Starting at the first line of the data below, retype every line up to and including the one containing "RV rental interior".

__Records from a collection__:
Segment Open

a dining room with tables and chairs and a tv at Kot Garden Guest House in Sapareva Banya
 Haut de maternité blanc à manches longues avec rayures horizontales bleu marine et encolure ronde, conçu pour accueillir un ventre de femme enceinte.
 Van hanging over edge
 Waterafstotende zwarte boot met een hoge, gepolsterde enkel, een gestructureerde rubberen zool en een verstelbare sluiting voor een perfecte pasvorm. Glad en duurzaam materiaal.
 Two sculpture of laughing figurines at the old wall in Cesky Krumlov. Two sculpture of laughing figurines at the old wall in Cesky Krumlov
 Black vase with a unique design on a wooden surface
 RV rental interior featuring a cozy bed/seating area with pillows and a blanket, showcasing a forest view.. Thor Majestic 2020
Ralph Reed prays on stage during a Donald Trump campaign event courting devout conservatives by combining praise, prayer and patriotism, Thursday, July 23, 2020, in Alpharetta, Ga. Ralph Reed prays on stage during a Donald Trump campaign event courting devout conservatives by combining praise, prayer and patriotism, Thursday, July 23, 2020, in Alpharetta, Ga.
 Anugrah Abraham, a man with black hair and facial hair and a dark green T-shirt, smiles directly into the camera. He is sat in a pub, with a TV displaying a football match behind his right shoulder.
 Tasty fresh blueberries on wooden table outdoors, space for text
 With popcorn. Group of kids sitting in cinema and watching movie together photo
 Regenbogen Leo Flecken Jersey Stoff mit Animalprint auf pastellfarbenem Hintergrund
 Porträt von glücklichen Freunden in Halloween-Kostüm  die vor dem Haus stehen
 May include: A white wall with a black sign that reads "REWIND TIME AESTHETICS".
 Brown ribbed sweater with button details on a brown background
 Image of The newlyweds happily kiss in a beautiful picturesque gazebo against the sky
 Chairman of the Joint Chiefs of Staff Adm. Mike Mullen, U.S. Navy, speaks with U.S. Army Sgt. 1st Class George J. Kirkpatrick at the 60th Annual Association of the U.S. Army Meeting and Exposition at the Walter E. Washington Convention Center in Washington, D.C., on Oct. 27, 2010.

Segment Closed

__Written solution__:
a dining room with tables and chairs and a tv at Kot Garden Guest House in Sapareva Banya
 Haut de maternité blanc à manches longues avec rayures horizontales bleu marine et encolure ronde, conçu pour accueillir un ventre de femme enceinte.
 Van hanging over edge
 Waterafstotende zwarte boot met een hoge, gepolsterde enkel, een gestructureerde rubberen zool en een verstelbare sluiting voor een perfecte pasvorm. Glad en duurzaam materiaal.
 Two sculpture of laughing figurines at the old wall in Cesky Krumlov. Two sculpture of laughing figurines at the old wall in Cesky Krumlov
 Black vase with a unique design on a wooden surface
 RV rental interior featuring a cozy bed/seating area with pillows and a blanket, showcasing a forest view.. Thor Majestic 2020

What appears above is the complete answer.